Charles-Louis Huguenin-Virchaux and Quartier du Progrès

In the 1850s, Le Locle sought to add affordable worker housing to the east along the road towards La Chaux-de-Fonds. This new area was called "Quartier-Neuf" ("the new district") or simply "Progrès", after the central road built there. The densely-packed housing was pleasant and affordable and attracted industry to this side of town. The streets in this quarter reflect this optimistic viewpoint, including Rue du Progrès, Rue de l'Industrie, Rue de la Concorde, Rue de l'Union, and Rue de la Paix.

It was here that the brothers Williams and Charles-Louis Huguenin-Virchaux built their watchmaking workshop in 1850. The duo came from La Brévine to settle in Le Locle to produce assortiments for watches, a growing industry in the town. Their address was Quartier du Progrès 59, which suggests a home-based workshop in one of the new houses there. Their earliest products included the anchor and escape wheel needed to produce watches.

After his death, Charles-Louis Huguenin's widow Sophie took over managing the workshop in 1885 until her sons were old enough.

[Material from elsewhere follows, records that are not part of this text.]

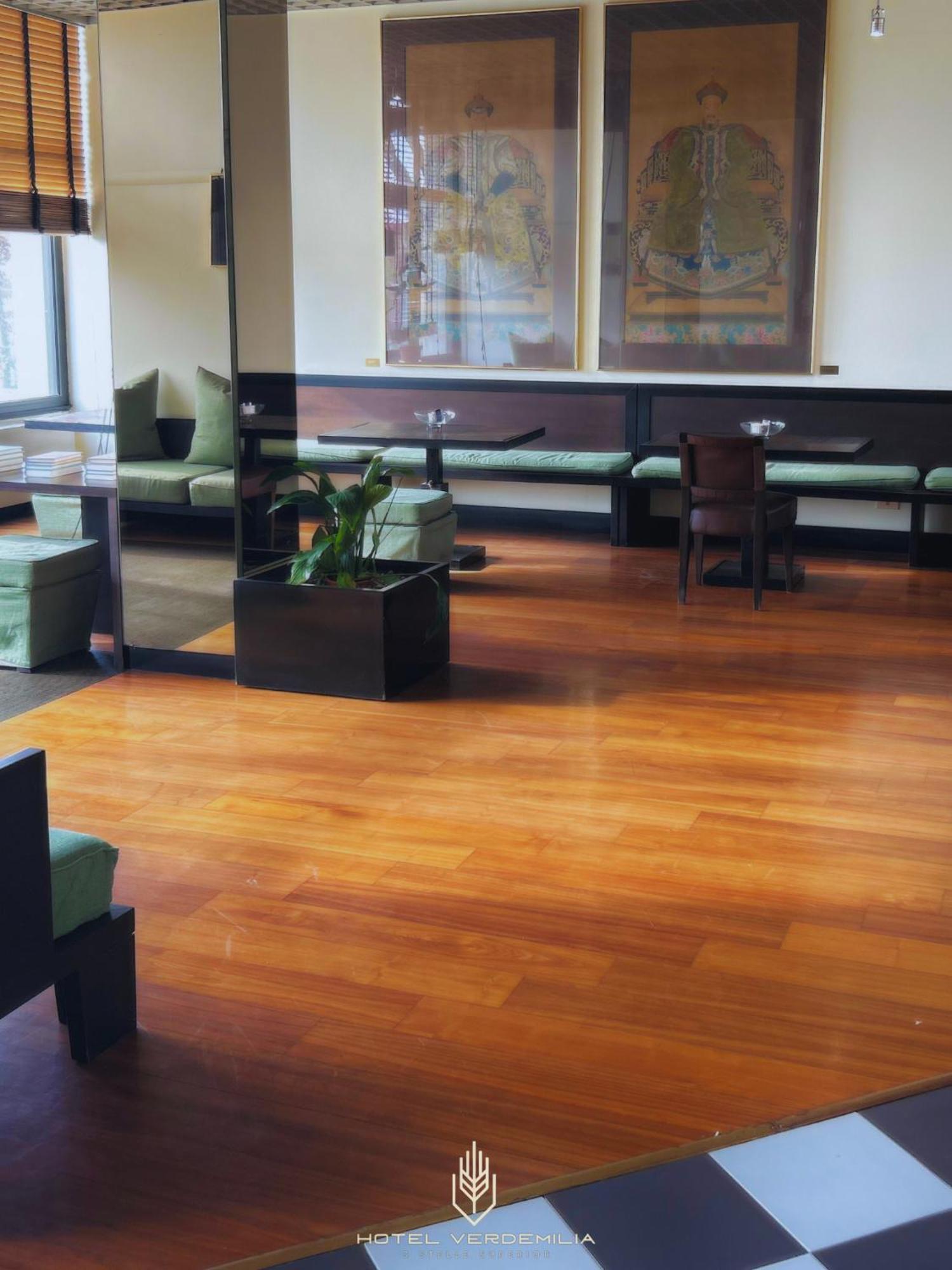 Verdemilia Hotel Anzola dell'Emilia Ngoại thất bức ảnh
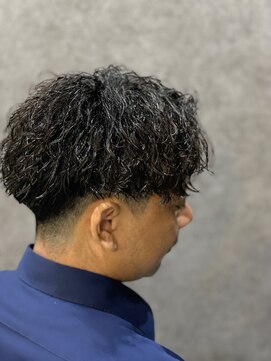 ライズ 新小岩店(RISE) ショートマッシュ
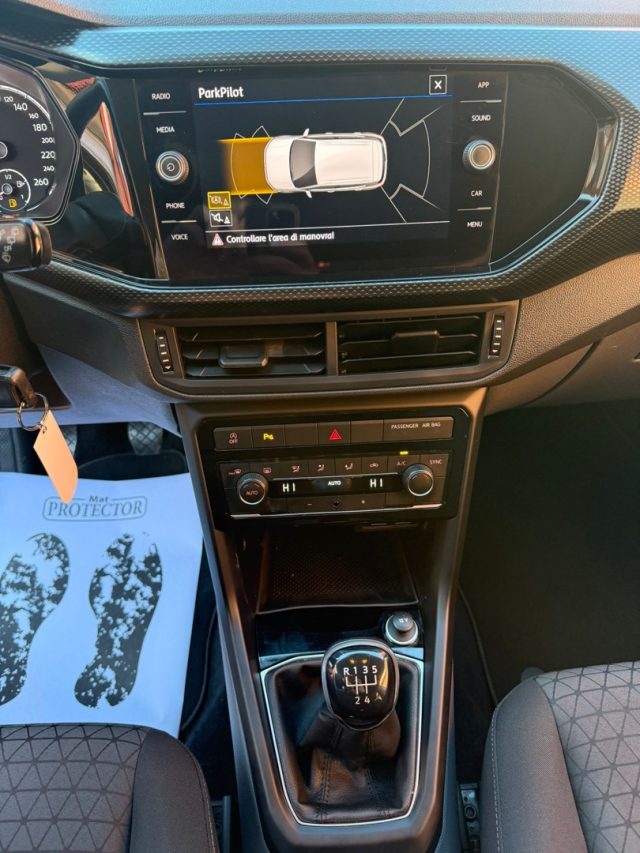 VOLKSWAGEN T-Cross usata, con Climatizzatore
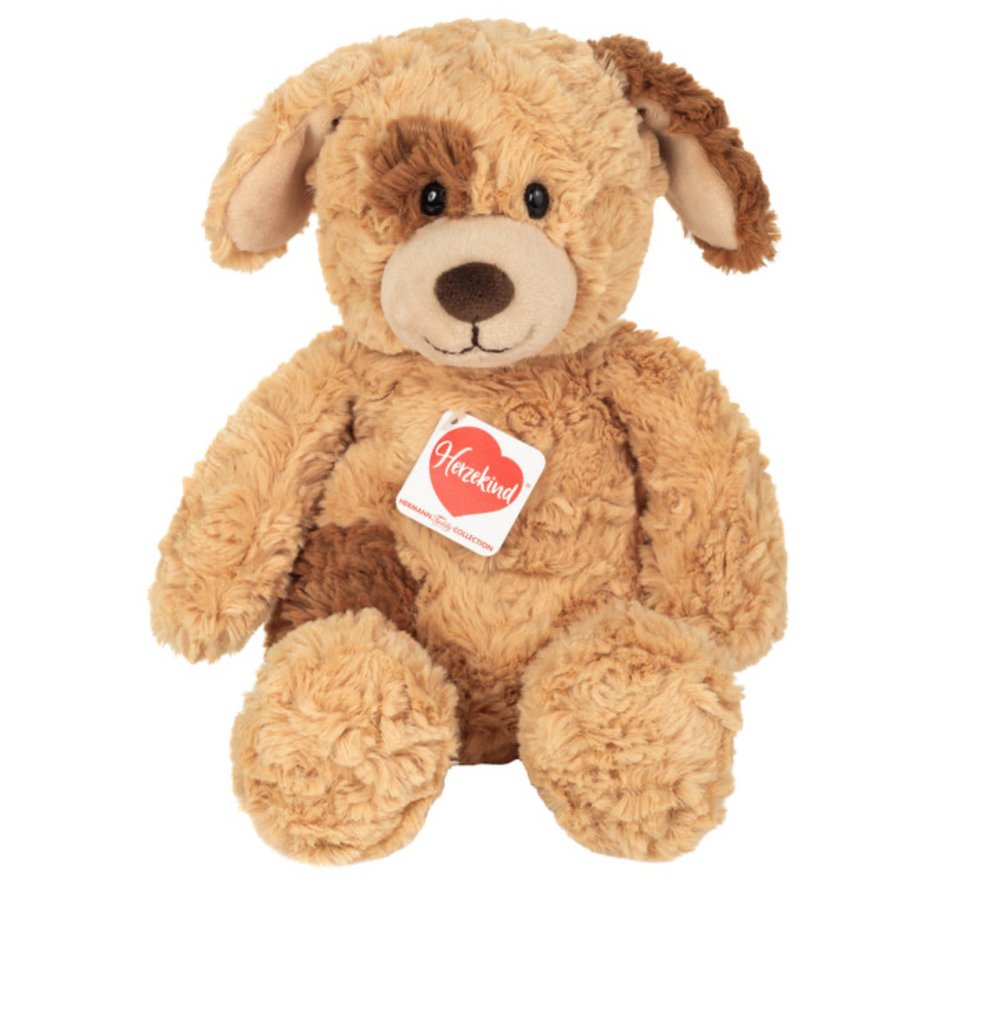 Floppy Dog Spotty Small 32cm Plush Hermann Teddy Bear Puppy Dog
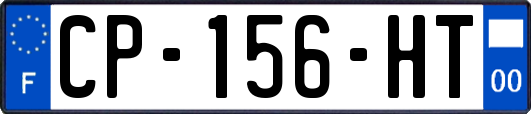 CP-156-HT
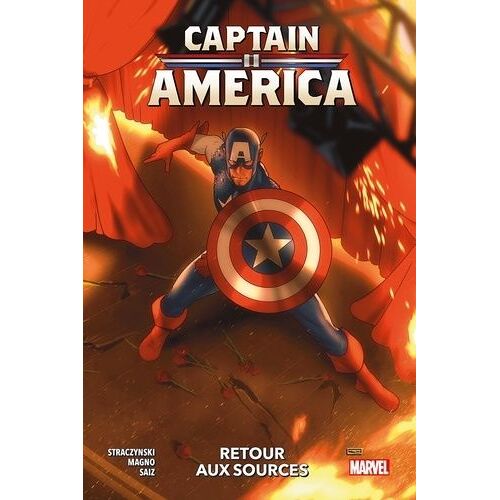 Captain America - Tome 2 - Retour Aux Sources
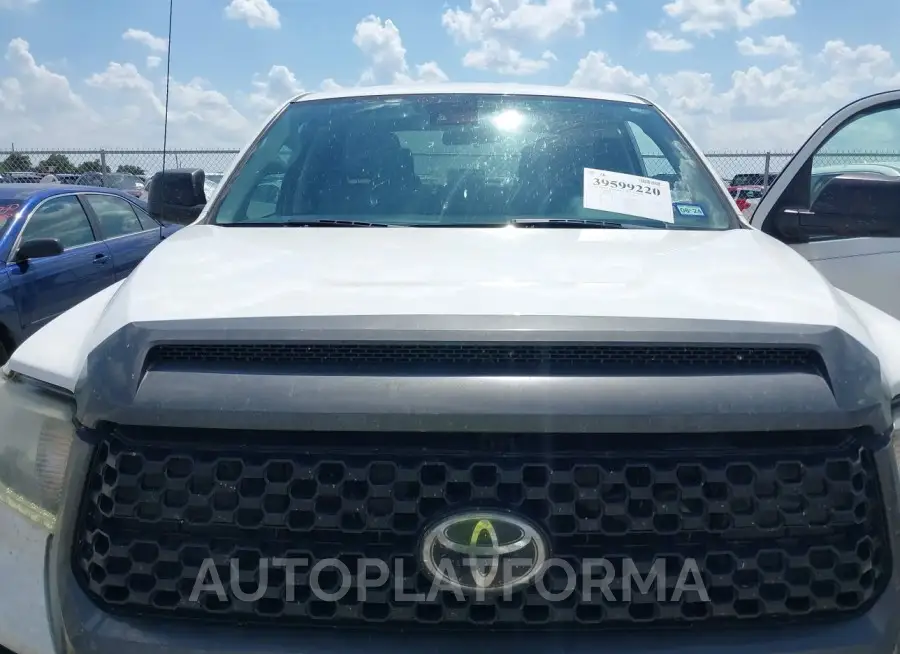 TOYOTA TUNDRA 2019 vin 5TFRM5F16KX136023 from auto auction Iaai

Williams left around this time, forming his own company called W. Huguenin and soon expanding with a second workshop in nearby La Chaux-de-Fonds.

Charles & Louis Huguenin and La Concorde

Charles-Louis Huguenin (1869-1940) and his brother Charles-Adolphe Huguenin-Perrenoud took over the family business in 1892. Officially called "Chs et Ls Huguenin," it was commonly called Fabrique d'Assortiments pour Echappements à Ancres. At this time it was still located at the family home at 59 and 60 Quartier-Neuf. Under their leadership, the company acquired a reputation for quality and became the largest such factory in Le Locle.

Charles & Louis Huguenin's products were widely recognized, winning silver medals in Paris in 1889 and Geneva in 1896 and five other medals and diplomas by this time. The company boasted of interchangeability (though their products were still produced by hand) and produced artistic levers suitable for the fashionable open heart watches of the time. They also produced escapements for chronometers and Glashütte style movements.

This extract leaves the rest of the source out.